Your question about what a relevant mathematical framework would entail seems too vague for me to parse; my apologies, it’s likely my exhaustion. But anyway, if minds leave certain characteristic marks on their environment by virtue of their having intentional (mental) states, then how precise and deep you can make your distinguishing mathematical framework depends on how sharp a cutoff there is in reality between intentional and non-intentional states. It’s possible that the cutoff isn’t sharp at all, in which case it’s questionable whether the supposed distinction exists or is meaningful. If that’s the case then it’s quite possible that it’s not possible to formulate a deep theory that could distinguish agents from tools, or intentional states from non-intentional ones. I think it likely that most AGI researchers, including Eliezer, hold the position that it is indeed impossible to do so. I don’t think it would be possible to prove the non-existence of a sharp cutoff, so I think Eliezer could justifiably conclude that he didn’t have to prove that his AI would be an “agent” or a “tool”, because he could deny, even without mathematical justification, that such a distinction is meaningful.
(It’s possible that intentionality isn’t the sharpest distinction between “tools” and “agents”, but it’s the one that I see most often emphasized in philosophy of mind, especially with regards to necessary preconditions for the development of any “strong AI”.)
It seems that one could write an AI that is in some sense “provably Friendly” even while remaining agnostic as to whether the described AI is or will ultimately become a tool or an agent. It might be that a proposed AI couldn’t be an agent because it couldn’t solve the symbol grounding problem, i.e. because it lacked intentionality, and thus wouldn’t be an effective FAI, but would nonetheless be Friendly in a certain limited sense. However if effectiveness is considered a requirement of Friendliness then one would indeed have to prove in advance that one’s proposed AI could solve the grounding problem in order to prove that said AI was Friendly, or alternatively, prove that the grounding problem as such isn’t a meaningful concept. I’m not sure what Eliezer would say about this; given his thinking about “outcome pumps” and so on, I doubt he thinks symbol grounding is a fundamental or meaningful problem, and so I doubt that he has or is planning to develop any formal argument that symbol grounding isn’t a fundamental roadblock for his preferred attack on AGI.

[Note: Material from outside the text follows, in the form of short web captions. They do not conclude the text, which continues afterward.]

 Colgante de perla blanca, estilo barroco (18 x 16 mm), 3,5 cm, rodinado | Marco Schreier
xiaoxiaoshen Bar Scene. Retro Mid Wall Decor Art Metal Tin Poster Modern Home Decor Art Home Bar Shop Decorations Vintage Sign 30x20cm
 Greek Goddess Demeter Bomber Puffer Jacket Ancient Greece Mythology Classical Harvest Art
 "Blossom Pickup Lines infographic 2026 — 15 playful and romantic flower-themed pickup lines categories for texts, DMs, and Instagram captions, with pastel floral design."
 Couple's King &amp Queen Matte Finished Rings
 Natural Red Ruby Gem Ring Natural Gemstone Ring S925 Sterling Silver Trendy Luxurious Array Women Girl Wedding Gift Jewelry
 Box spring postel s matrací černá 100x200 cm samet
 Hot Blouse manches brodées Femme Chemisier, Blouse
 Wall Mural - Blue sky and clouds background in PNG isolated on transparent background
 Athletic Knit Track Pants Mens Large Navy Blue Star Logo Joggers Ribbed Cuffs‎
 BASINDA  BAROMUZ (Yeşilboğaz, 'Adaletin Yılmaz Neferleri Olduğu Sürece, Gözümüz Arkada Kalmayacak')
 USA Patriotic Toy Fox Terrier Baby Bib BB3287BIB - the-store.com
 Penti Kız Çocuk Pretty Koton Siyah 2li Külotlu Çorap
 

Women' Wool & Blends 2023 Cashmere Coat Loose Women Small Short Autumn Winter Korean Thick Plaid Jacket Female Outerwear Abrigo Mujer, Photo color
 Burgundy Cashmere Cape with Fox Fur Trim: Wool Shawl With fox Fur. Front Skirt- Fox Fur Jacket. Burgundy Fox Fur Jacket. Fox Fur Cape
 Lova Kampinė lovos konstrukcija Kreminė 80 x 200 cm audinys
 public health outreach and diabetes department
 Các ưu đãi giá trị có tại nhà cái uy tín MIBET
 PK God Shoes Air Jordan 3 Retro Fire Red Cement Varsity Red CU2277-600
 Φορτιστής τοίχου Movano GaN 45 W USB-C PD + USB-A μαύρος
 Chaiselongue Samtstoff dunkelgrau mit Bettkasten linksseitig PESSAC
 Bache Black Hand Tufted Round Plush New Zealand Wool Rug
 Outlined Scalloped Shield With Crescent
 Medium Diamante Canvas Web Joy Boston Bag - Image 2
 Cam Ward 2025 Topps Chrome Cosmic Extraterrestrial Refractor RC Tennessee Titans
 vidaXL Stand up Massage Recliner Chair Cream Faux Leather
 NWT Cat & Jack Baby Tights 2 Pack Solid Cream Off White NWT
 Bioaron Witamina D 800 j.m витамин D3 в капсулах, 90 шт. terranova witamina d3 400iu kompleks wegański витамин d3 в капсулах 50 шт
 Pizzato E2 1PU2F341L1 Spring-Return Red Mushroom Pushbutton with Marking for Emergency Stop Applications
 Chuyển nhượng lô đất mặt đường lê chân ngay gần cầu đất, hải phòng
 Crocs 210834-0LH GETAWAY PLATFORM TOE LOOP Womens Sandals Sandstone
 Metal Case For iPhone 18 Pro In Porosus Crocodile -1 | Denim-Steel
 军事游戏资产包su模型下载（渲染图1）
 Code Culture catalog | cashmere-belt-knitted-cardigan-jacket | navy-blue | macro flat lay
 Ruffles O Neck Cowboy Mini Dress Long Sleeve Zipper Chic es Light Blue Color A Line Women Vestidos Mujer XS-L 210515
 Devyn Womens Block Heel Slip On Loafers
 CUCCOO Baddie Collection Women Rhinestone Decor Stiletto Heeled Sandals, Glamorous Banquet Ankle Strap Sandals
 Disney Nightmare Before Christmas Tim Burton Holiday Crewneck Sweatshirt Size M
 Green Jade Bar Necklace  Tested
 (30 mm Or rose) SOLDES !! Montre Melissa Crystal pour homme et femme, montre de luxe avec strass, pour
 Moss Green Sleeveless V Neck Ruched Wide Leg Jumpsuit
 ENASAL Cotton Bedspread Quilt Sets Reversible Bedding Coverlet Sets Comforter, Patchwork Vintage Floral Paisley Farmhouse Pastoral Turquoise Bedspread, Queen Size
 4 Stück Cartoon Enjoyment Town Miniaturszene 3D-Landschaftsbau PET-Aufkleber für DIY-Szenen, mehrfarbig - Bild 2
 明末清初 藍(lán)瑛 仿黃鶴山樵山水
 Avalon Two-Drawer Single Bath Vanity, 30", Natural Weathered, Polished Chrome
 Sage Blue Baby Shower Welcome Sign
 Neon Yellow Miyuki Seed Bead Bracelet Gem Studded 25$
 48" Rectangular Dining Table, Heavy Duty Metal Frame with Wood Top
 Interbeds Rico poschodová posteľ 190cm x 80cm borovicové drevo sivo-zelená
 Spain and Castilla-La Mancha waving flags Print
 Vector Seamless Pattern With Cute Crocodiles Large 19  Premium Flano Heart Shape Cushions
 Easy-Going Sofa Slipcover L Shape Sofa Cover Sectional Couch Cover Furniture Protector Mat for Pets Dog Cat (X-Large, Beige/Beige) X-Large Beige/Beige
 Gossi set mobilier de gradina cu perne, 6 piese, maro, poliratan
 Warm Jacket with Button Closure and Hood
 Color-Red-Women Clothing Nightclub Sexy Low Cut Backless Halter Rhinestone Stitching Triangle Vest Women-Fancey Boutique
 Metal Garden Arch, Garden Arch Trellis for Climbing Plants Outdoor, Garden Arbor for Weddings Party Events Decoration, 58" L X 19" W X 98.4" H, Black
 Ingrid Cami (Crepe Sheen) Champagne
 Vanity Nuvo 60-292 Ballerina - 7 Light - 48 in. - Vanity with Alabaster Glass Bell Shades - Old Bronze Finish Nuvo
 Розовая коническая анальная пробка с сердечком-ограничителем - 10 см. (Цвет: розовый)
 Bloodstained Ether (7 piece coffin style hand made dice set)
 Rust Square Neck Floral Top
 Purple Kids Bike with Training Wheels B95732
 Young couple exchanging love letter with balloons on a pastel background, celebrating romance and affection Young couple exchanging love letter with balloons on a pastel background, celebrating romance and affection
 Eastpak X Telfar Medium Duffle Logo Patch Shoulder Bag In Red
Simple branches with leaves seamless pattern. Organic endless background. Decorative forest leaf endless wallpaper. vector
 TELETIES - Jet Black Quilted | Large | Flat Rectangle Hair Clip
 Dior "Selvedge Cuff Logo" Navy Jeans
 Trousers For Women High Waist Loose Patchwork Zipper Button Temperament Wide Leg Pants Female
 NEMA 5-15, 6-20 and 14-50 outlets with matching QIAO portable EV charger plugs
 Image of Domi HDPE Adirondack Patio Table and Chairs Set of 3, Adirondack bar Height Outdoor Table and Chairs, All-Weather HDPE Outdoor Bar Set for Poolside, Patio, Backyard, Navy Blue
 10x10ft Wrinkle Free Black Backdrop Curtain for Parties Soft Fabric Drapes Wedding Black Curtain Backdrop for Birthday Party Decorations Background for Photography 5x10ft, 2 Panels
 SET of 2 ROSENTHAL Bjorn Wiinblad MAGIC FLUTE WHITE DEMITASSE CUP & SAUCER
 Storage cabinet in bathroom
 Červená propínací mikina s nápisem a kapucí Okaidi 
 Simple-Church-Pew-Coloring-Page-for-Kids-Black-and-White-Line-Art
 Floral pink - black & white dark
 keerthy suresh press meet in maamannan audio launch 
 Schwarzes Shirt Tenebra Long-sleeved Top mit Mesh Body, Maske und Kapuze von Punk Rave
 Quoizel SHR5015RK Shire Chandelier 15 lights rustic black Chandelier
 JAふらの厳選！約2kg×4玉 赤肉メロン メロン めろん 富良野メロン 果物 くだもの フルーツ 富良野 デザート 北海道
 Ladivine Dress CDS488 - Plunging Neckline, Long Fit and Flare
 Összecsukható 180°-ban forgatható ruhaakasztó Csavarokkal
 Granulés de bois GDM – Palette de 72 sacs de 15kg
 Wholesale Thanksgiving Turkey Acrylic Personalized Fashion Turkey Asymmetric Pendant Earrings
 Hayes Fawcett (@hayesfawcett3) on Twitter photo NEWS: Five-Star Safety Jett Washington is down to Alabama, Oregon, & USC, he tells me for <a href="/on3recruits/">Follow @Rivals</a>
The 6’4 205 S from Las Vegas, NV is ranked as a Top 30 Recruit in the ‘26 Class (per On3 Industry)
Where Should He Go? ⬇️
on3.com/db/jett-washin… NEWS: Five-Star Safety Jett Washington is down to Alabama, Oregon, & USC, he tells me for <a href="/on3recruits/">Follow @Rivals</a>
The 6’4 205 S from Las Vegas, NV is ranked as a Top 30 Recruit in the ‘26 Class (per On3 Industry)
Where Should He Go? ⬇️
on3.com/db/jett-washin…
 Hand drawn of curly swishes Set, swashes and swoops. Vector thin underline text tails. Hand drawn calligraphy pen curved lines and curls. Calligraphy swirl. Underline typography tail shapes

Your question about what a relevant mathematical framework would entail seems too vague for me to parse; my apologies, it’s likely my exhaustion. But anyway, if minds leave certain characteristic marks on their environment by virtue of their having intentional (mental) states, then how precise and deep you can make your distinguishing mathematical framework depends on how sharp a cutoff there is in reality between intentional and non-intentional states. It’s possible that the cutoff isn’t sharp at all, in which case it’s questionable whether the supposed distinction exists or is meaningful. If that’s the case then it’s quite possible that it’s not possible to formulate a deep theory that could distinguish agents from tools, or intentional states from non-intentional ones. I think it likely that most AGI researchers, including Eliezer, hold the position that it is indeed impossible to do so. I don’t think it would be possible to prove the non-existence of a sharp cutoff, so I think Eliezer could justifiably conclude that he didn’t have to prove that his AI would be an “agent” or a “tool”, because he could deny, even without mathematical justification, that such a distinction is meaningful.
I’m tired, apologies for any errors.